Wytse Nutters was een heel bijzondere man. Hij was in 1872 in Leeuwarden geboren in een vaderloos gezin, groeide op als een verwaarloosd, zwervend kind, dat in een opvoedingsgesticht terecht kwam. Men leerde hem daar het vak van letterzetter. Al heel vroeg had hij ervaren, dat er geen verdriet of verlatenheid bestond, die niet door lezen en studeren dragelijk kon worden gemaakt. Hij had aanleg voor talen, leerde zichzelf Frans, Duits en Engels en later, toen hij socialist was geworden, ook Esperanto. Op twintigjarige leeftijd probeerde hij een groot plan te verwezenlijken: hij wilde een Nederlandse encyclopedie uitgeven, die hij niet alleen zelf wilde schrijven, zetten en drukken, maar ook in afleveringen direct aan het publiek verkopen. Omdat hij geen kapitaal en geen verkoopapparaat had, kon hij reeds na de tweede aflevering niet verder. Een uitgever zag winst in de onderneming, nam de zaak over en Nutters werkte voor twintig gulden per week tien jaar lang aan de Vivat-Encyclopedie, die bijna uitsluitend zijn werk was, maar waarin zijn naam achterin bescheidenlijk slechts als ‘medewerker’ werd vermeld.
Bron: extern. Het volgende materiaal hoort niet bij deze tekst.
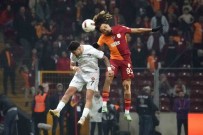 Galatasaray'da Derbi Öncesi Sari Kart Sinirindakilerde Kart Görmedi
Nutters met zijn fabelachtig geheugen vergaarde óók door dit werk een schat van parate kennis op de meest uiteenlopende gebieden. Nog vóór de Encyclopedie gereed was gekomen, was hij al bekend als een pionier van de wereldhulptaal Esperanto. Hij werd nu redacteur en uitgever van het eerste socialistische blad in Esperanto de Internacia Socia Revuo. Hij vertaalde verscheidene boeken in Esperanto. Les Misérables van Victor Hugo bijv. vertaalde hij uit het Frans in die taal. Hij gaf zijn vertalingen zelf uit, niet alleen boeken maar ook tal van brochures van vooraanstaande figuren uit de internationale socialistische beweging. Door deze activiteit verwierf Nutters zich niet alleen een bestaan, maar kreeg over de hele wereld ook verbindingen met Esperantisten. Deze contacten ontvielen hem echter toen in augustus 1914 de wereldoorlog uitbrak en er geen bestaansmogelijkheid meer kon blijven, zomin voor een Esperanto-uitgeverij als voor een internationaal Esperanto-orgaan. Nutters maakte nu met zijn gezin moei- | |
| |
lijke tijden door, maar toen, onder de invloed van de toenemende armoede en van de haat tegen de oorlog, de revolutionair-socialistische beweging in ons land tot de uitgave van een Volksdagblad kon overgaan, werd hij aan dat blad verbonden. Hij was hiervan feitelijk de enige stabiele kracht. Om allerlei redenen moest in april 1916 de uitgave van dit dagblad worden gestaakt en daarvoor in de plaats kwam toen De Tribune als dagblad uit, waarbij Nutters - die sinds lang ‘Tribunist’ d.w.z. lid der SDP was - vanzelfsprekend als redacteur werd aangesteld.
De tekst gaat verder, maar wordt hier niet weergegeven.